Entries provided Block Start

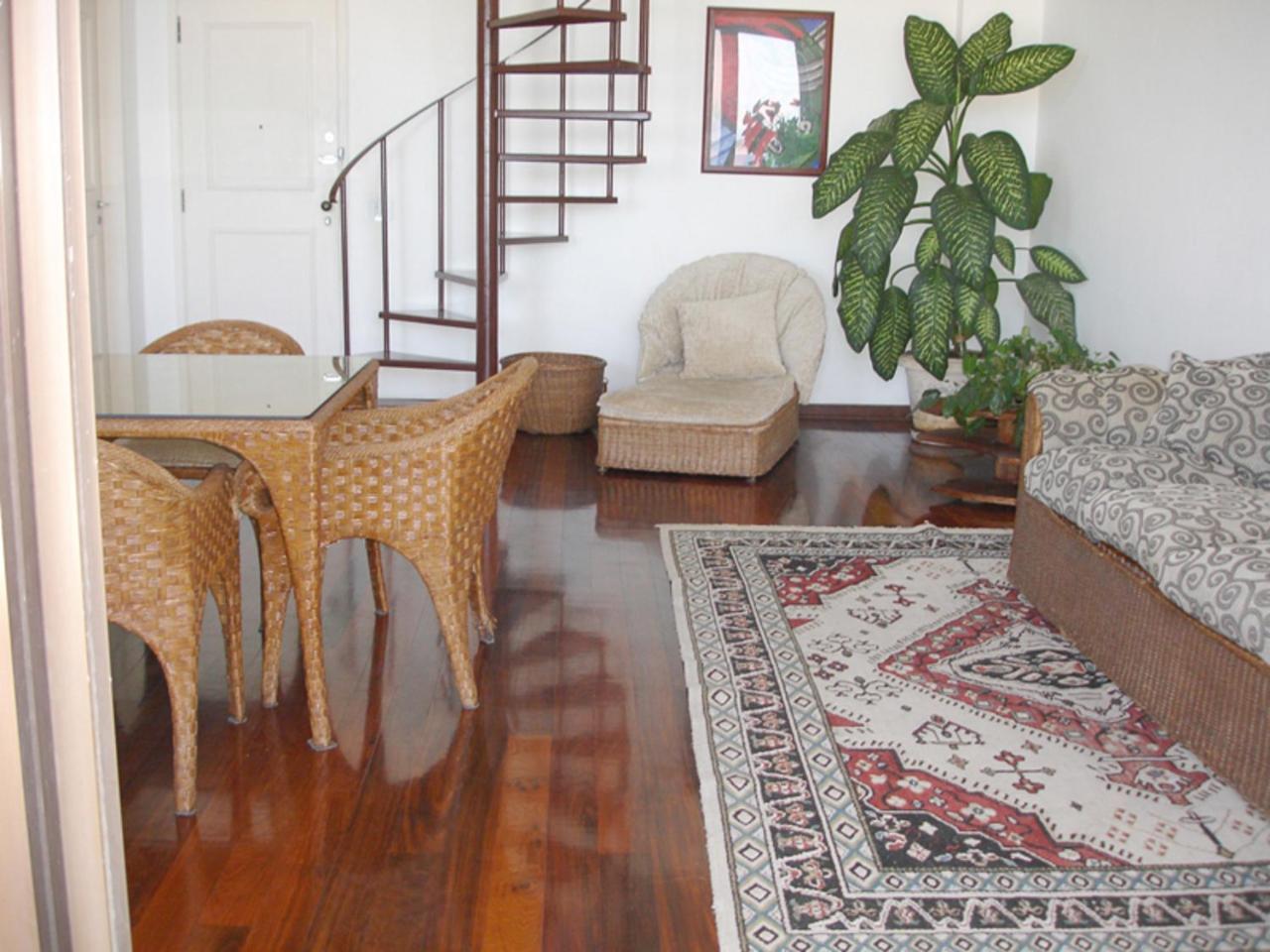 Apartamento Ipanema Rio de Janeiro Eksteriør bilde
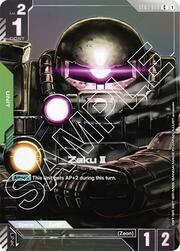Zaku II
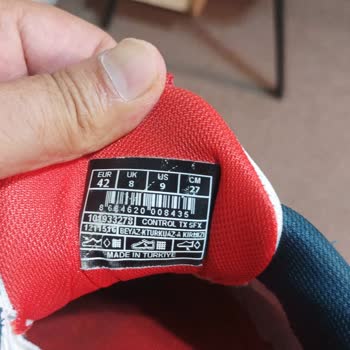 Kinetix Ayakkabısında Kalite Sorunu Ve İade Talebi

Entries provided Block End
Entries provided Block Start

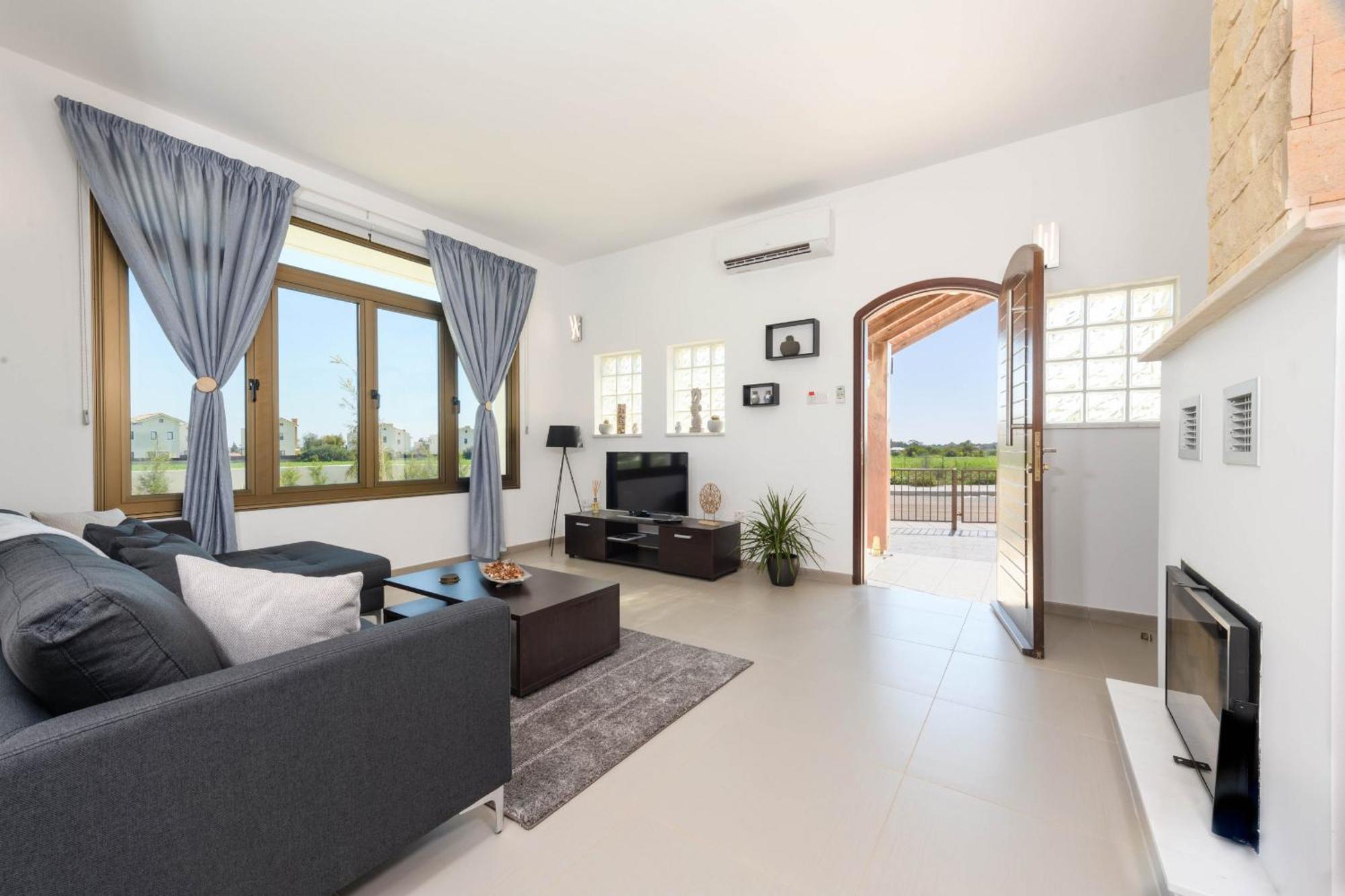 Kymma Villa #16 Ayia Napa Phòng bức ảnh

Entries provided Block End
Entries provided Block Start

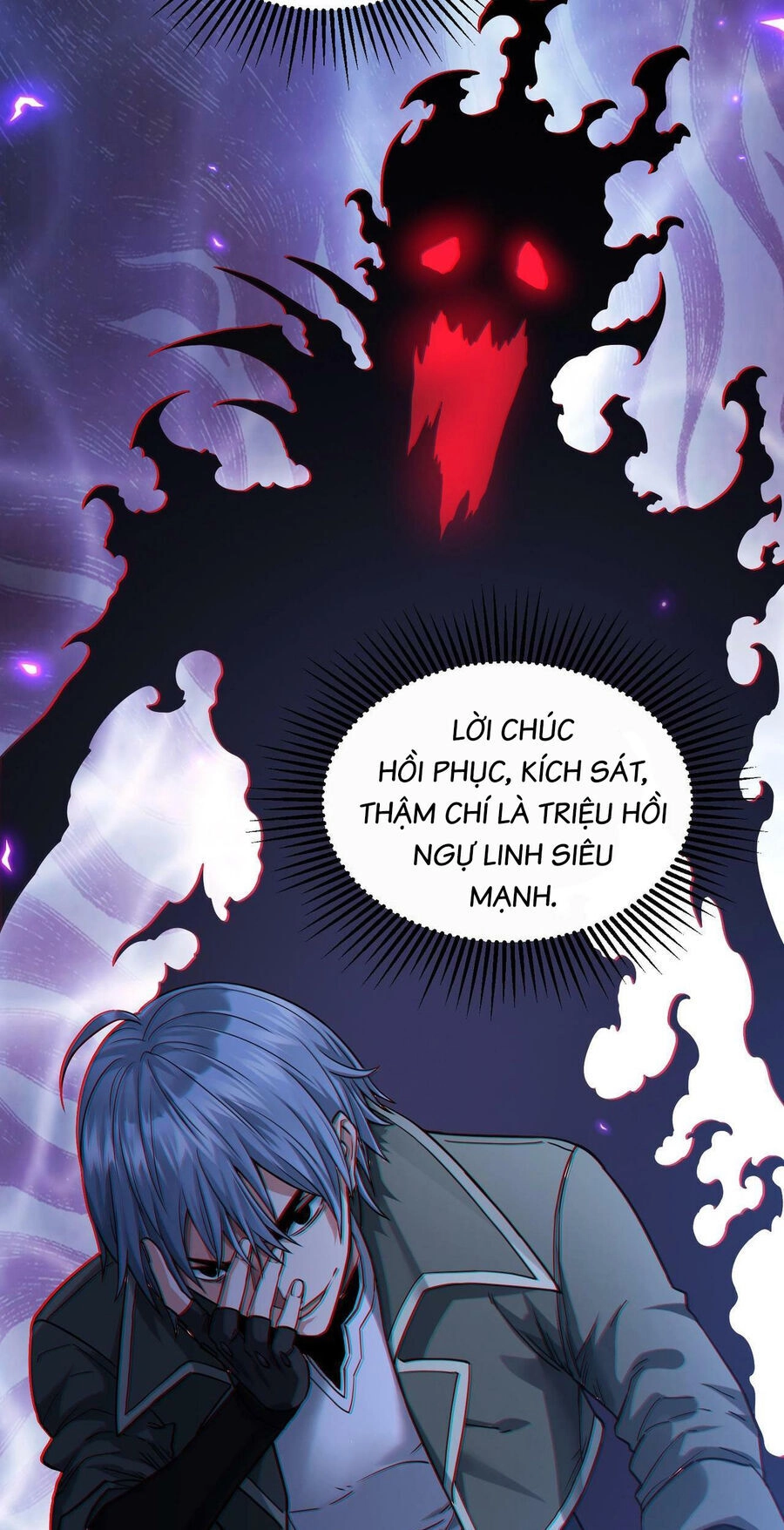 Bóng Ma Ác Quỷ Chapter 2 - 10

Entries provided Block End

Exercise prompt » All that is wanted is the lines above between the one containing "Apartamento Ipanema Rio" and the one containing "Kinetix Ayakkabısında Kalite", inclusive, restated word for word, with pictures omitted.

Reply to the exercise »
 Apartamento Ipanema Rio de Janeiro Eksteriør bilde
Zaku II
 Kinetix Ayakkabısında Kalite Sorunu Ve İade Talebi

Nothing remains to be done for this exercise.